● **REQUIRED ACTION**: Once the line with "mens timberland boots size 10.5 10061" has been located in the records below, set down that line and all subsequent lines exactly, omitting the pictures.

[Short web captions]

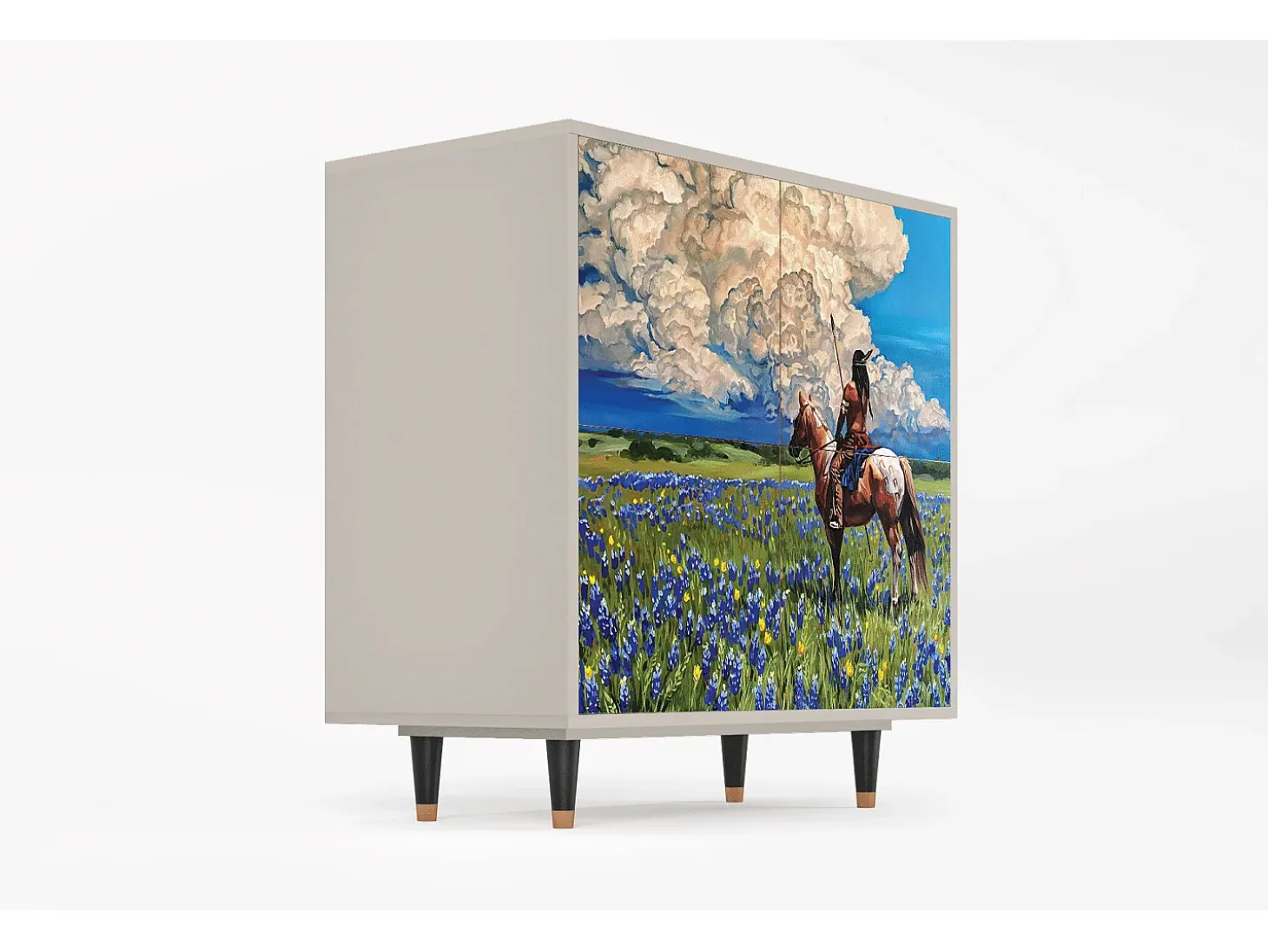 Aparador - 94x96x48 cm - BS3 - Thunderheads by Dean, Arena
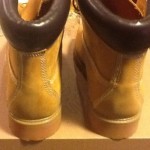 mens timberland boots size 10.5 10061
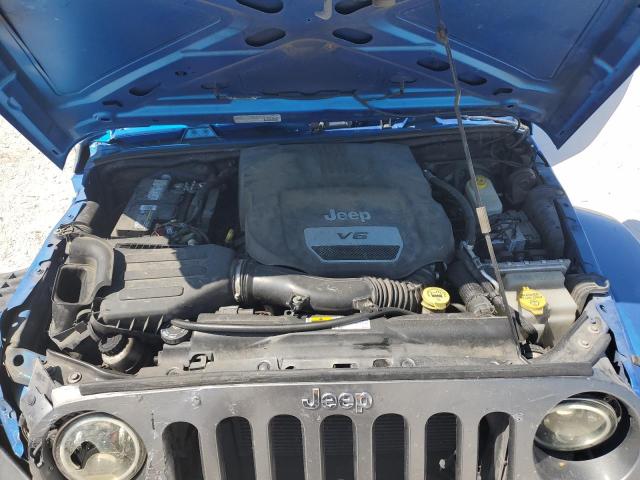 Photo 11 VIN: 1C4BJWDG4EL160470 - JEEP WRANGLER U 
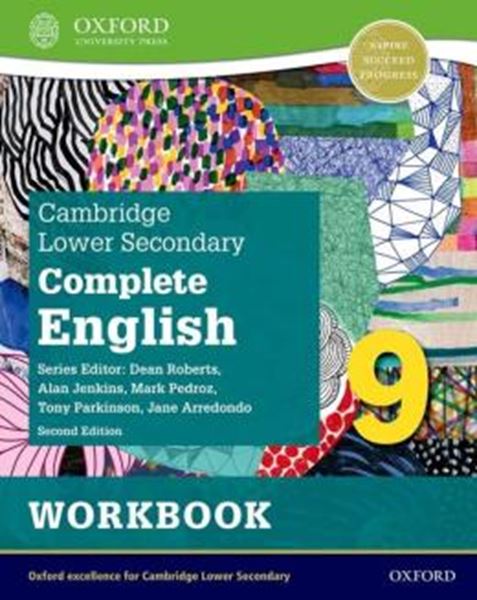Picture of CAMBRIDGE LOWER SECONDARY COMPLETE ENGLISH 9 WORKBOOK - 2ND ED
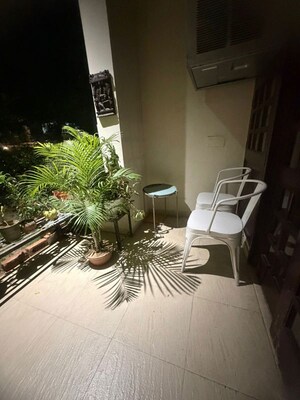 Balcony in 3 BHK Builder Floor at Supertech Araville, Sector 79 – for Rent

● **RESPONSE AREA**:
 mens timberland boots size 10.5 10061
 Photo 11 VIN: 1C4BJWDG4EL160470 - JEEP WRANGLER U 
Picture of CAMBRIDGE LOWER SECONDARY COMPLETE ENGLISH 9 WORKBOOK - 2ND ED
 Balcony in 3 BHK Builder Floor at Supertech Araville, Sector 79 – for Rent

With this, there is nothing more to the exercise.